- [RECORDED DATA]
------------------------
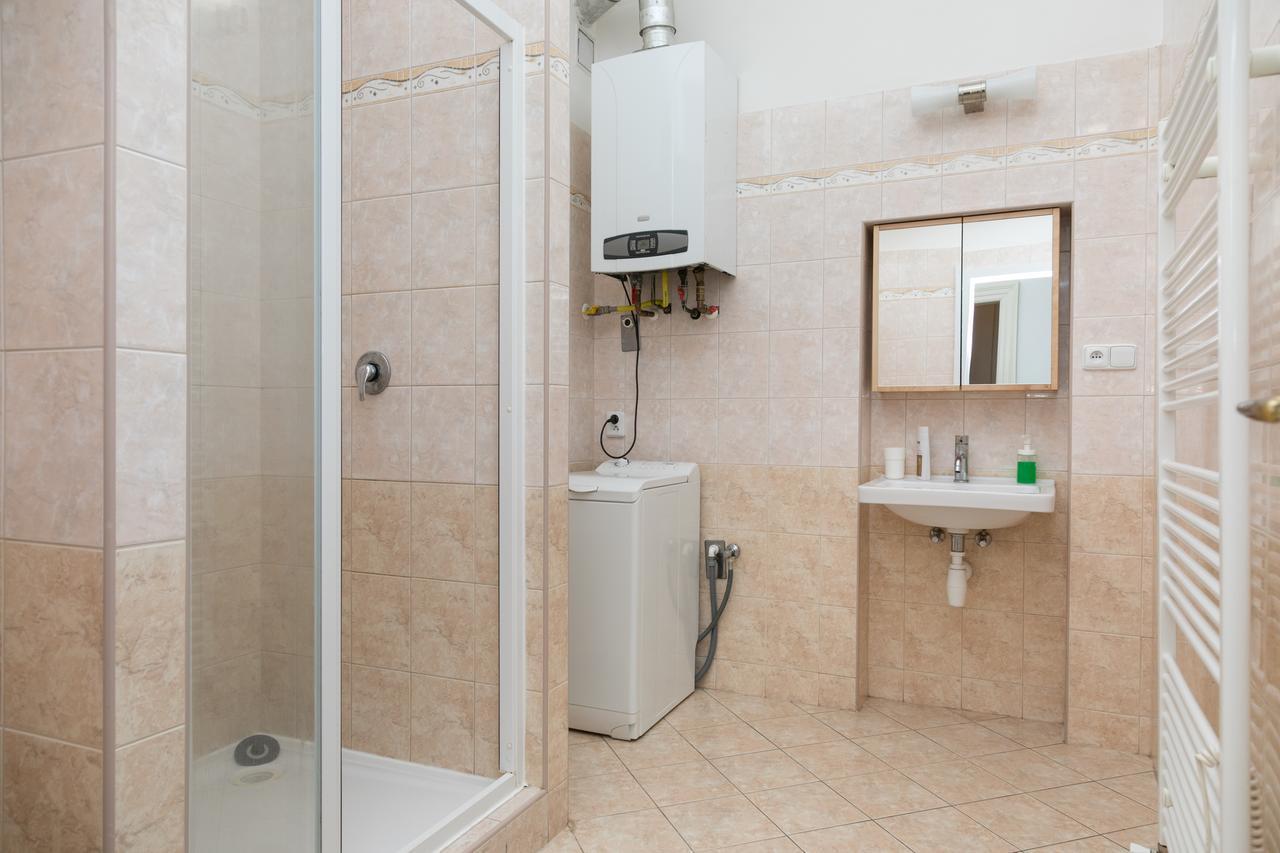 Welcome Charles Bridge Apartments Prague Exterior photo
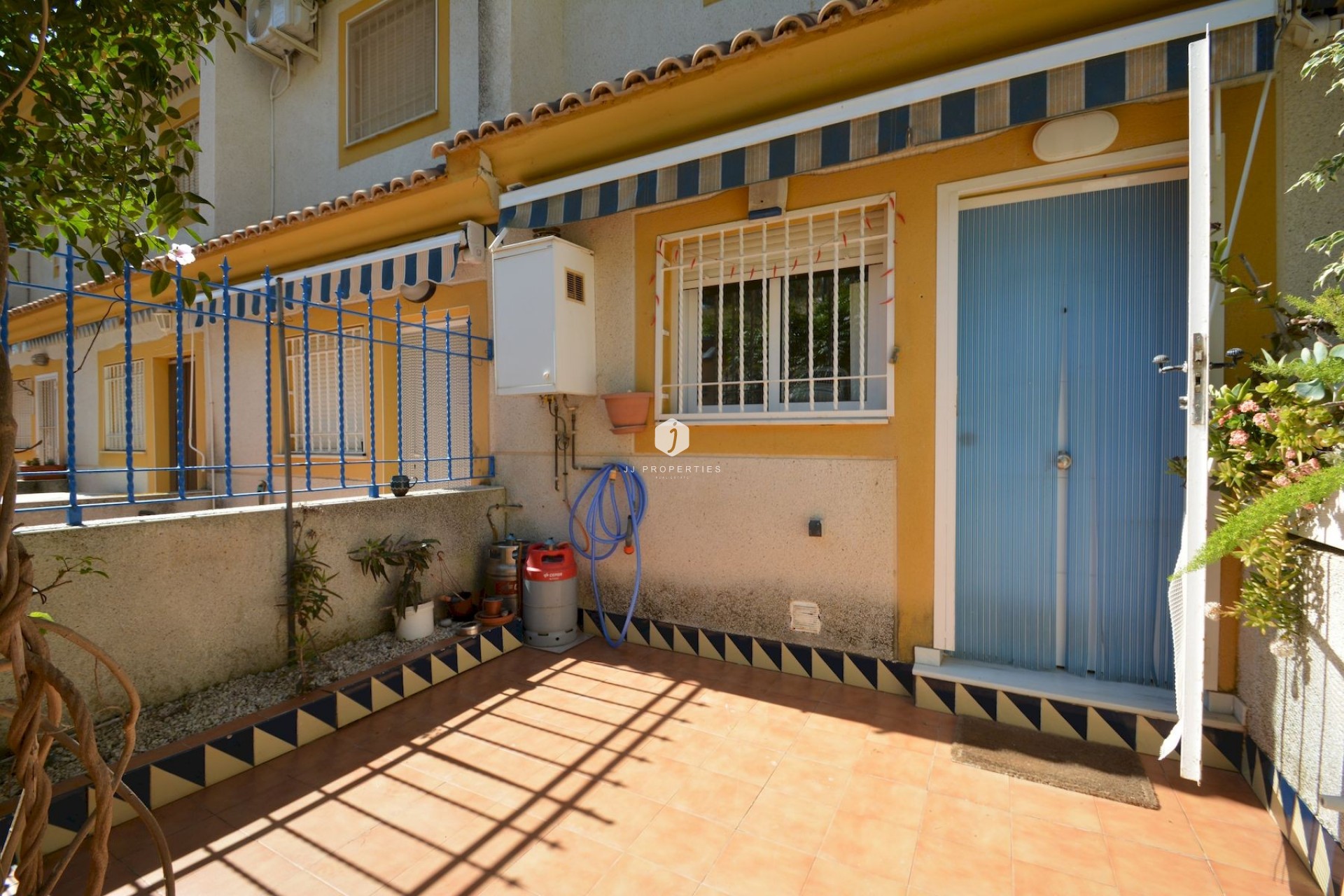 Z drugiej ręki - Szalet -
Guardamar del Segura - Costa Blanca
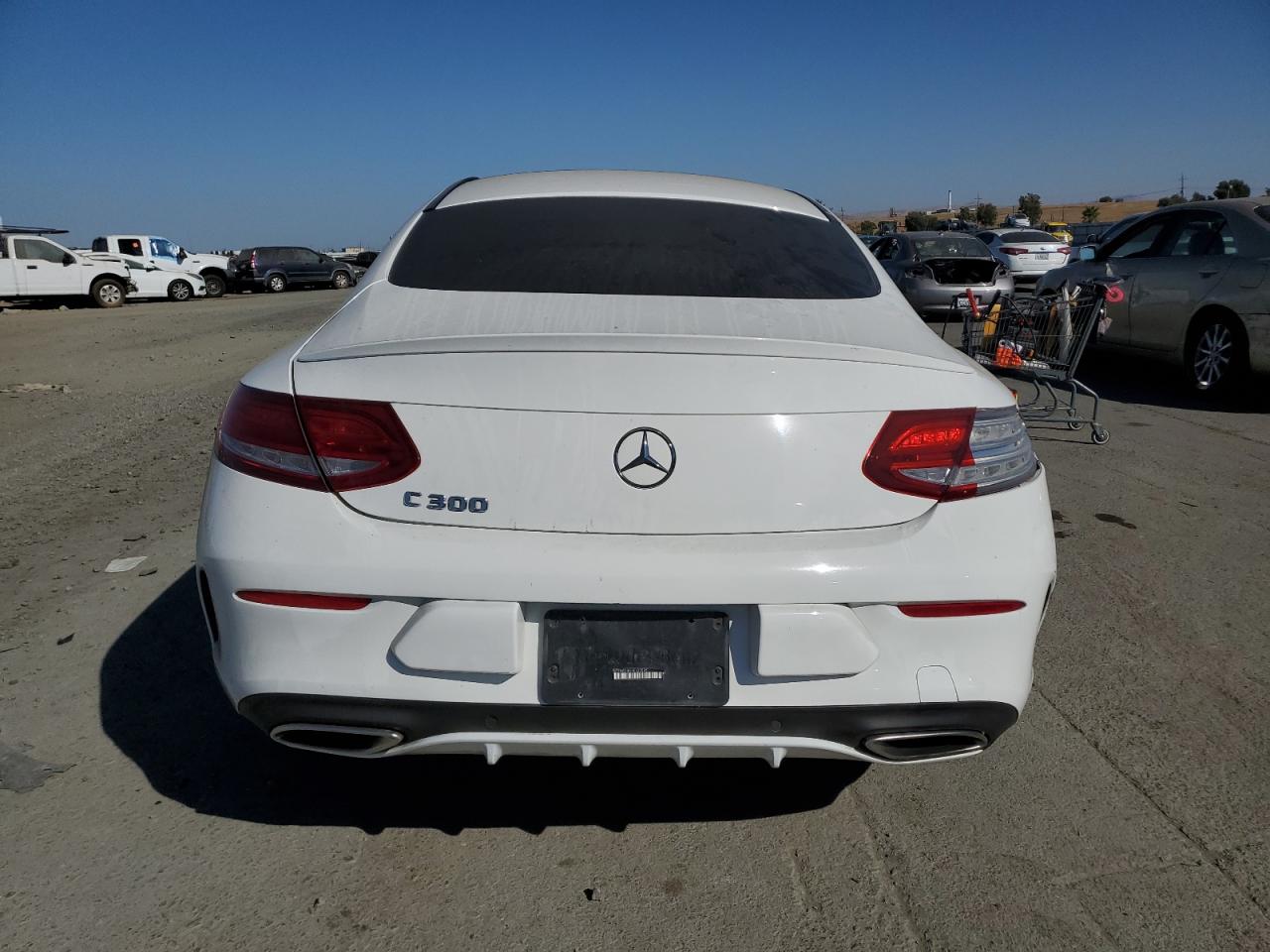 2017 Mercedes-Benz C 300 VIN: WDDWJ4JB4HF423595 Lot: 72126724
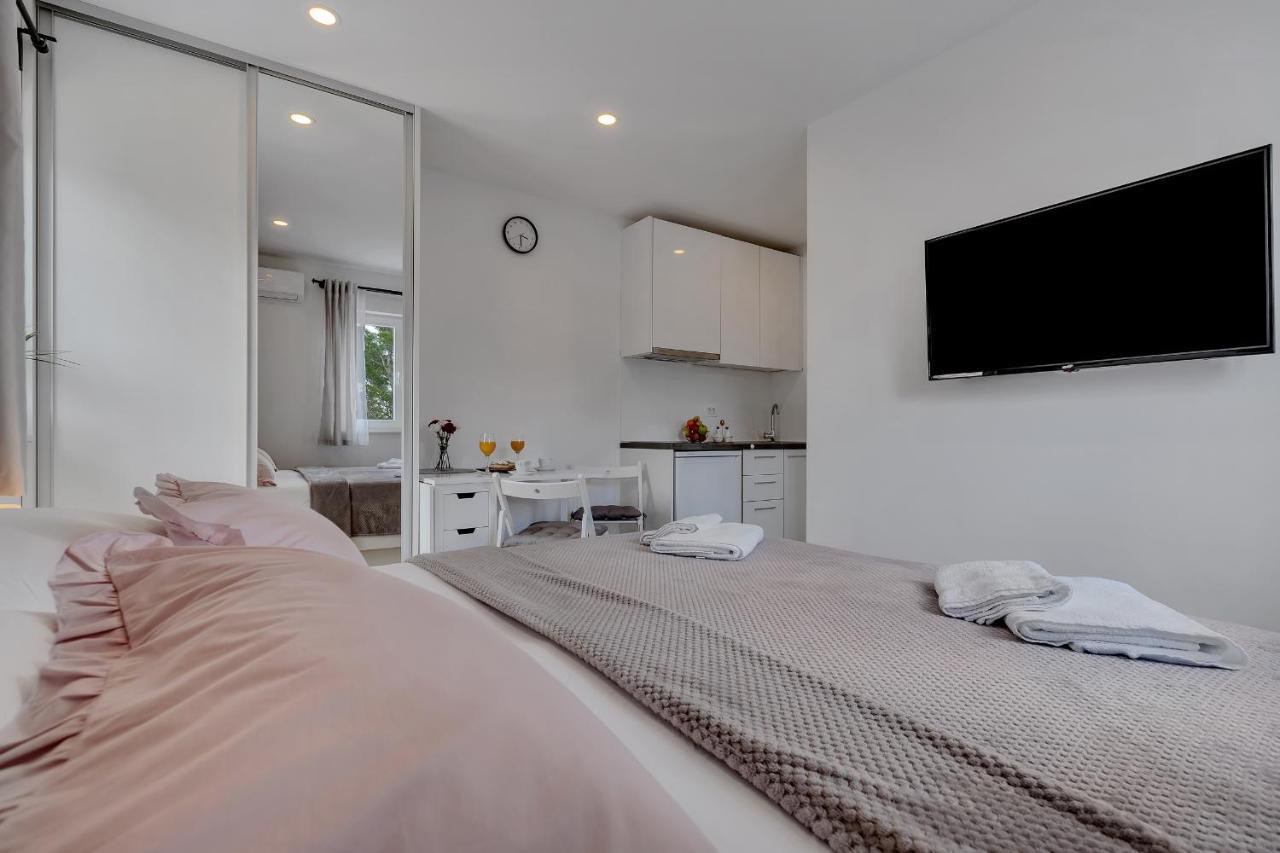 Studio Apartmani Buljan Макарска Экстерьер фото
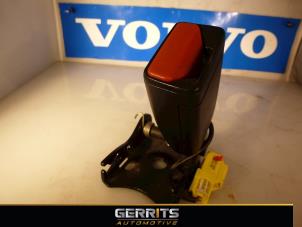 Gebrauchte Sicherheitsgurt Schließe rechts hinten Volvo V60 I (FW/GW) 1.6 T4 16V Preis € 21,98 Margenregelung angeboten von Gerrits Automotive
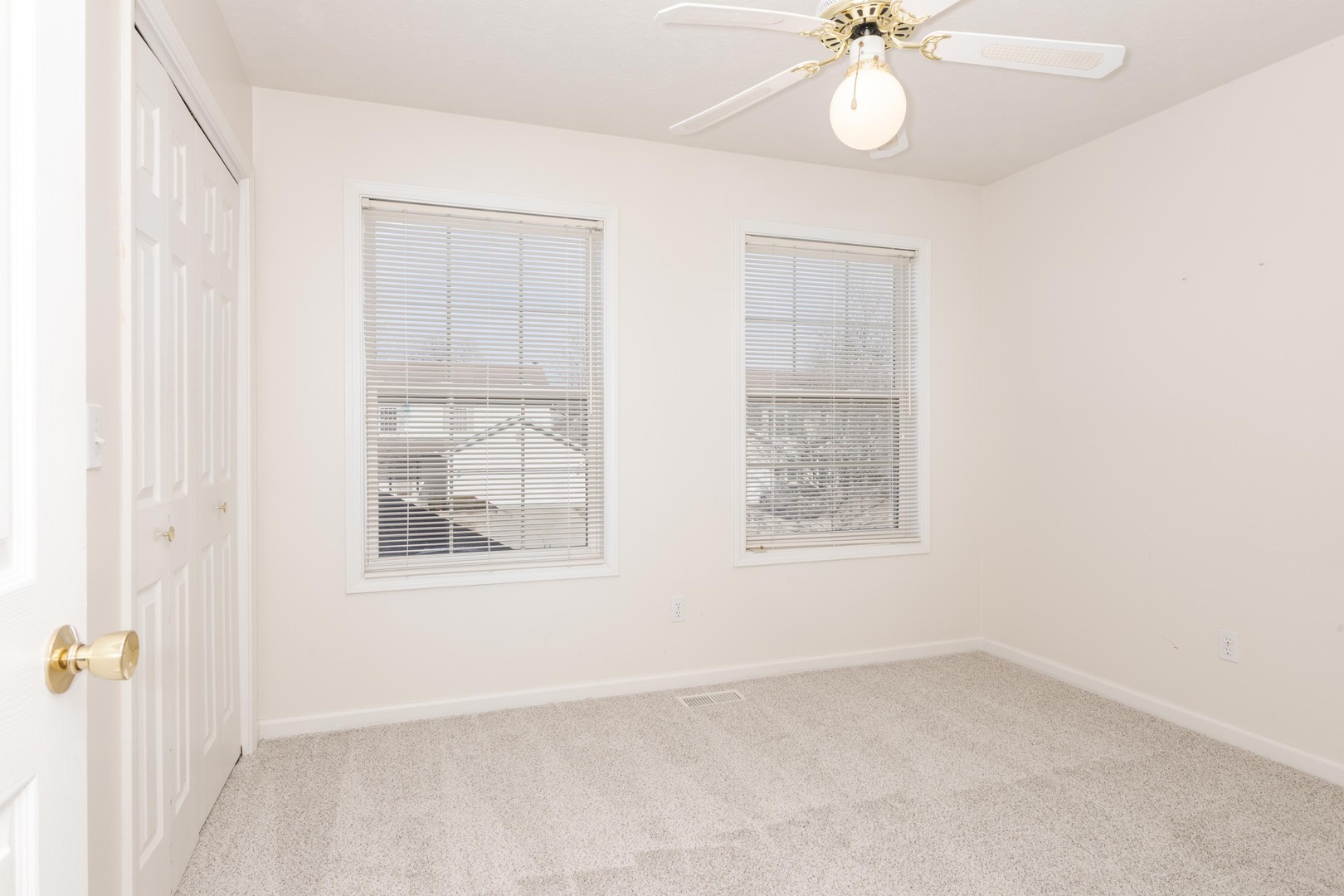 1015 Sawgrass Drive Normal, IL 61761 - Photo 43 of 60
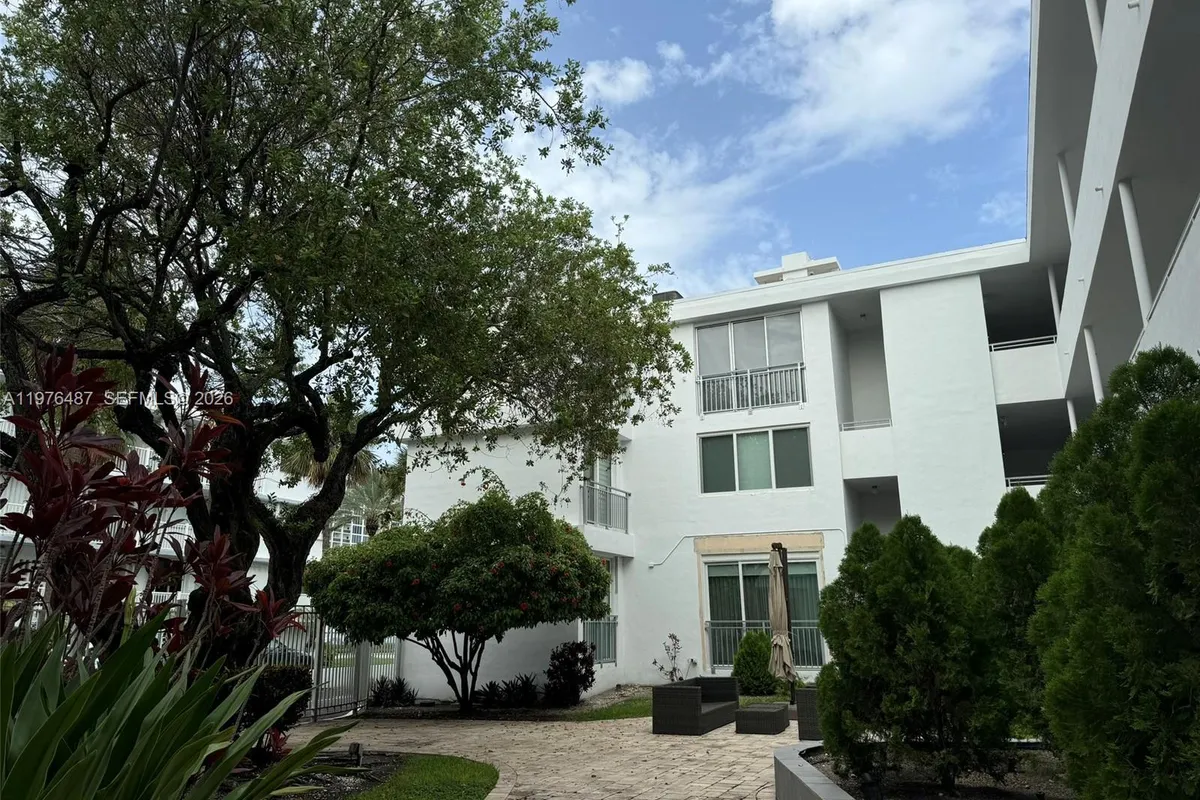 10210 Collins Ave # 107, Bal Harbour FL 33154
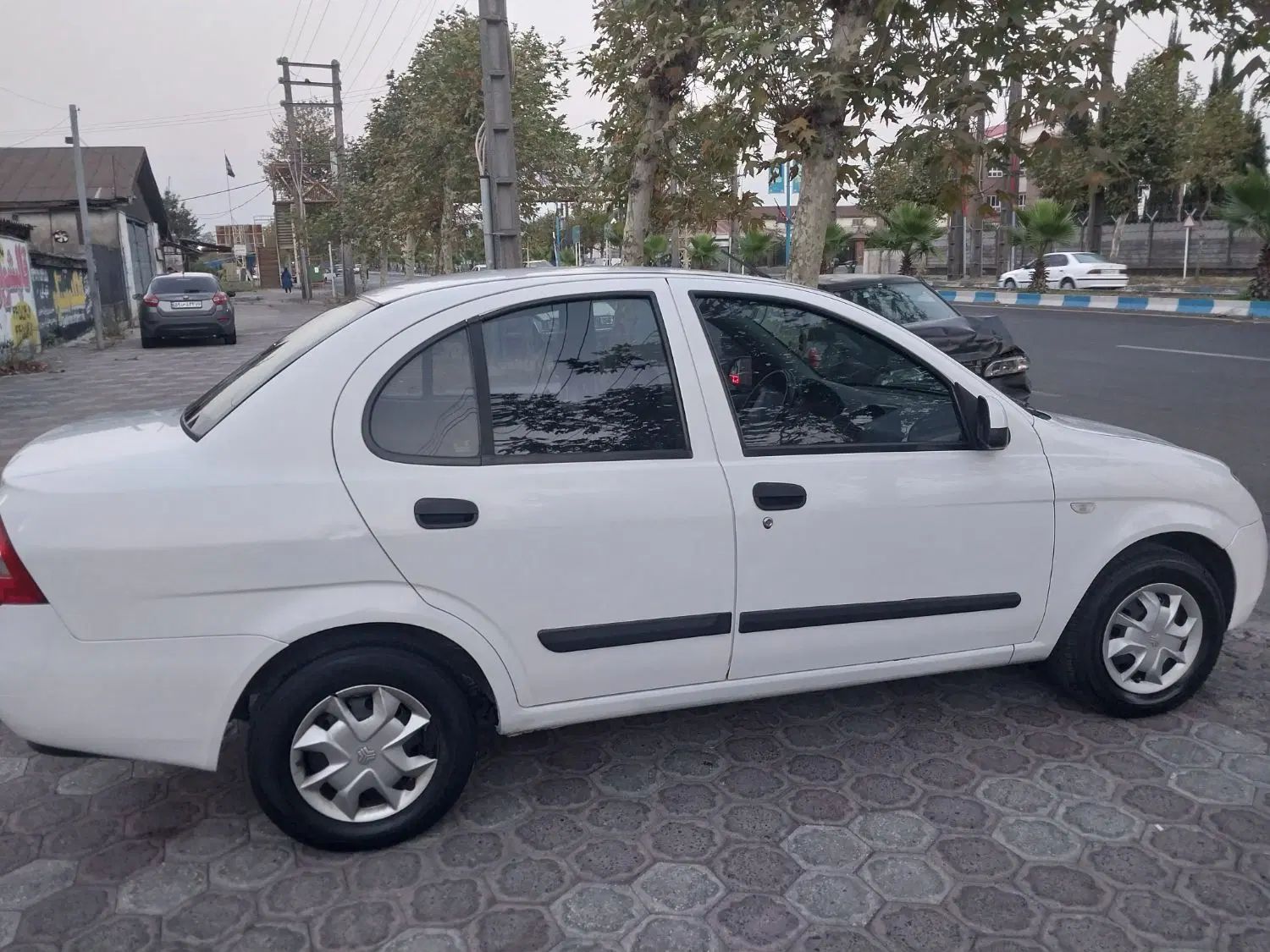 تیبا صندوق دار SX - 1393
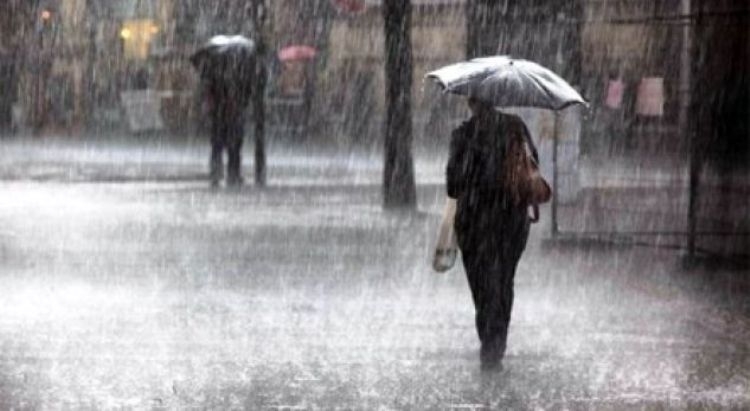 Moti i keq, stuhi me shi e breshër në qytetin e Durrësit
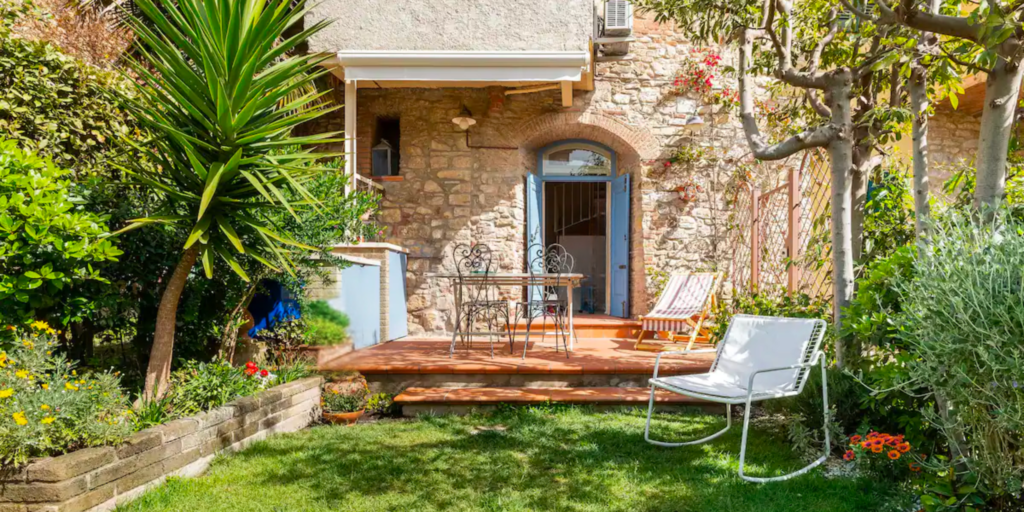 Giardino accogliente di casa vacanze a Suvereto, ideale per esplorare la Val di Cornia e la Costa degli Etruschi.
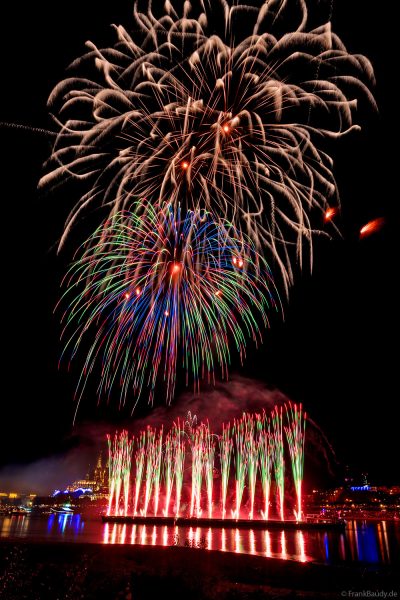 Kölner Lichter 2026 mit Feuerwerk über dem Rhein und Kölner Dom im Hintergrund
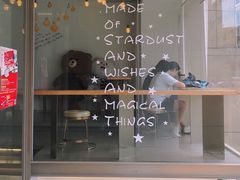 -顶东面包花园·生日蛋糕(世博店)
------------------------
- [WHAT THE TASK REQUIRES] Having removed the pictures, write out the records exactly as they stand.

- [SOLUTION TO THE EXERCISE]
 Welcome Charles Bridge Apartments Prague Exterior photo
 Z drugiej ręki - Szalet -
Guardamar del Segura - Costa Blanca
 2017 Mercedes-Benz C 300 VIN: WDDWJ4JB4HF423595 Lot: 72126724
 Studio Apartmani Buljan Макарска Экстерьер фото
 Gebrauchte Sicherheitsgurt Schließe rechts hinten Volvo V60 I (FW/GW) 1.6 T4 16V Preis € 21,98 Margenregelung angeboten von Gerrits Automotive
 1015 Sawgrass Drive Normal, IL 61761 - Photo 43 of 60
 10210 Collins Ave # 107, Bal Harbour FL 33154
 تیبا صندوق دار SX - 1393
 Moti i keq, stuhi me shi e breshër në qytetin e Durrësit
 Giardino accogliente di casa vacanze a Suvereto, ideale per esplorare la Val di Cornia e la Costa degli Etruschi.
 Kölner Lichter 2026 mit Feuerwerk über dem Rhein und Kölner Dom im Hintergrund
 -顶东面包花园·生日蛋糕(世博店)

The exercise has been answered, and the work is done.